I’m assuming some level of moral-quasi realism: I care about what I would think is good after reflecting on the situation for a long time and becoming much smarter.
Depending on the structure of this meta-ethical view, I feel like you should be relatively happy to let unaligned AIs do the reflection for you in many plausible circumstances. The intuition here is that if you are happy to defer your reflection to other humans, such as future humans who will replace us in the future, then you should potentially also be open to deferring your reflection to a large range of potential other beings, including AIs who might initially not share human preferences, but would converge to the same ethical views that we’d converge to.
In other words, in contrast to a hardcore moral anti-realist (such as myself) who doesn’t value moral reflection much, you seem happier to defer this reflection process to beings who don’t share your consumption or current ethical preferences.
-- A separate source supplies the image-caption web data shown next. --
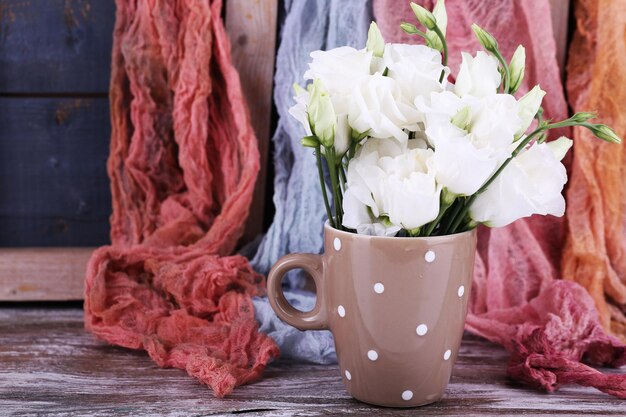 Hermosas flores en taza sobre fondo de tela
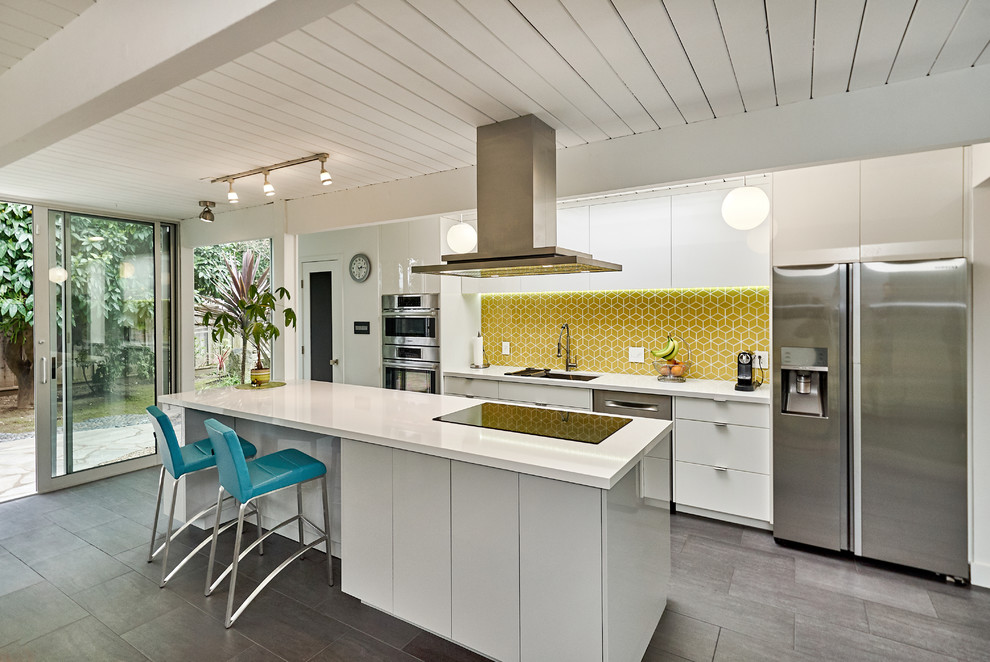 Immagine di un cucina con isola centrale minimalista con lavello sottopiano, ante lisce, ante bianche, paraspruzzi giallo, elettrodomestici in acciaio inossidabile, pavimento grigio e top bianco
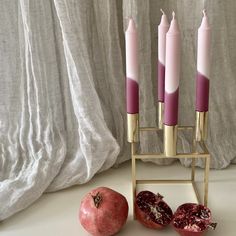 three candles and two pomegranates on a stand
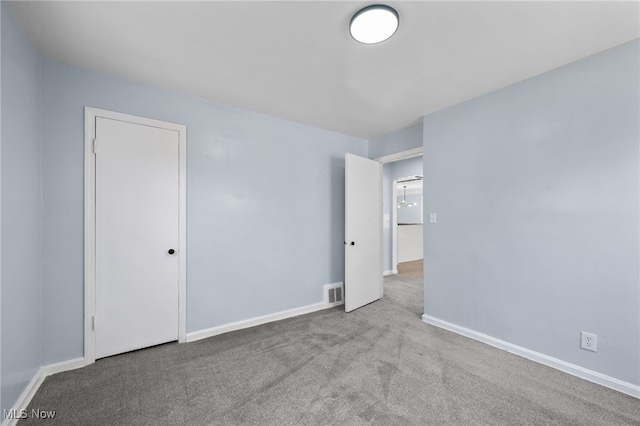 carpeted spare room featuring visible vents and baseboards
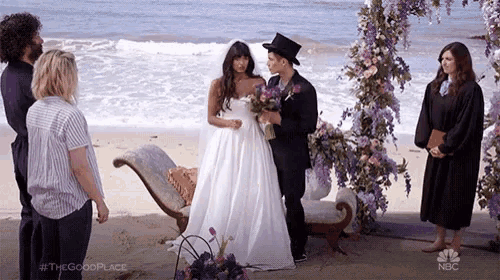 a bride and groom are getting married on a beach while a group of people watch .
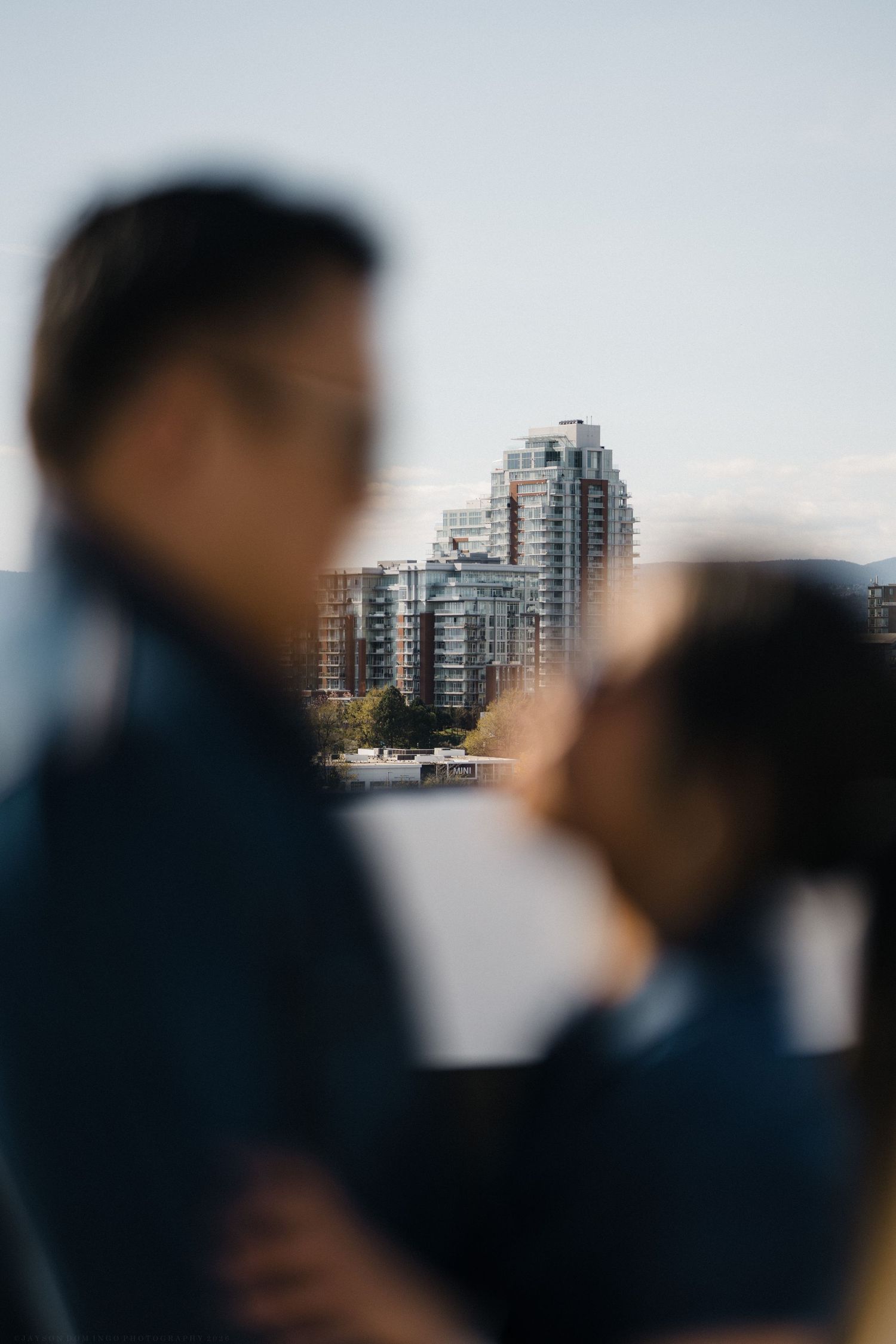 Couple sharing a tender kiss with blurred city buildings in the background.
But you seem to think it’s OK to defer to humans but not unaligned AIs, implicitly drawing a moral distinction on the basis of species. Whereas I’m concerned that if I die and get replaced by either humans or AIs, my goals will not be furthered, including in the very long-run.
What is it about the human species exactly that makes you happy to defer your values to other members of that species?
Not exactly, I’m just defining “the good” as something like “what I would think was good after following a good reflection process which doesn’t go off the rails in an intuitive sense”. (Aka moral-quasi realism.)
I think I have a difficult time fully understanding your view because I think it’s a little underspecified. In my view, there seem to be a vast number of different ways that one can “reflect”, and intuitively I don’t think all (or even most) of these processes will converge to roughly the same place. Can you give me intuitions for why you hold this meta-ethical view? Perhaps you can also be more precise about what you see as the central claims of moral quasi-realism.
Depending on the structure of this meta-ethical view, I feel like you should be relatively happy to let unaligned AIs do the reflection for you in many plausible circumstances.
I’m certainly happy if we get to the same place. I think I have feel less good about the view the more contingent it is.
In other words, in contrast to a hardcore moral anti-realist (such as myself) who doesn’t value moral reflection much, you seem happier to defer this reflection process to beings who don’t share your consumption or current ethical preferences. But you seem to think it’s OK to defer to humans but not unaligned AIs, implicitly drawing a moral distinction on the basis of species.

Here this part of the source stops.